Mais au passage, on aura pu vérifier que – contrairement aux croyances desdits chauvins au sein du PSD – l’ethnicité n’est pas l’élément décisif des positionnements politiques de la minorité hongroise : privé de soutien occidental par son récent rapprochement avec le FIDESZ de V. Orbán, et par conséquent structurellement placé, tout comme le PSD du côté roumain de la barricade ethnique, dans la situation d’avoir à satisfaire son électorat de masse plutôt qu’une oligarchie occidentale qui œuvre à son éclatement, l’UDMR représente, en l’occurrence, les intérêts bien compris d’une majorité populaire au sein de la minorité hongroise, loyaliste mais désireuse de voir respecter ses droits culturels sur le territoire roumain. Z. Teszari, en revanche, a beau avoir le hongrois pour langue maternelle, il partage et défend les intérêts d’une oligarchie comprador qui, pour maintenir sa domination socio-économique en Roumanie, est prête à passer sur bien des cadavres – y compris, au besoin, celui de la minorité hongroise dont ce même Z. Teszari est issu.
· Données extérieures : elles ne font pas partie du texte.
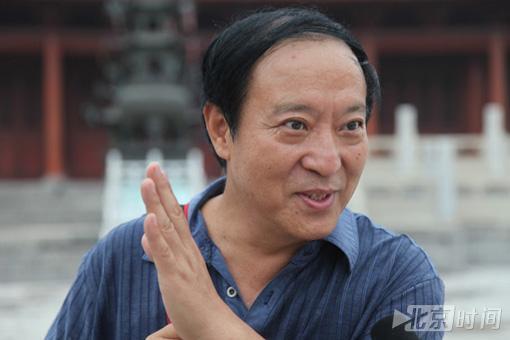 69岁牛群与发妻离婚后晚年黯淡 还好儿子很争气 69岁牛群与发妻离婚后晚年黯淡 还好儿子很争气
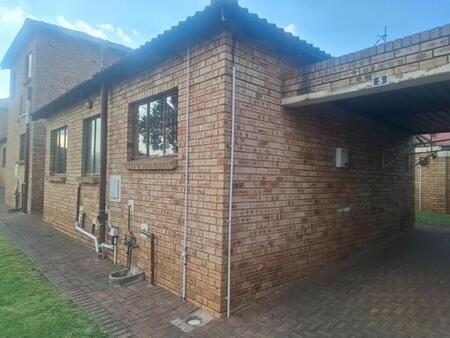 2 Bedroom Simplex in Witpoortjie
Côté roumain, de même, on voit une fois de plus confirmée la convergence discrète d’un activisme libéral-libertaire (USR) et d’un activisme xénophobe-identitaire (moins structuré, mais clairement audible dans les médias et sur Internet) qui servent, en réalité, les mêmes intérêts oligarchiques – conformément au modèle fourni par le régime LGBT-hitlérien actuellement au pouvoir, avec la bénédiction de l’UE et de l’OTAN, en Ukraine.
NDLR : La motion de censure est passée le 21 juin 2017.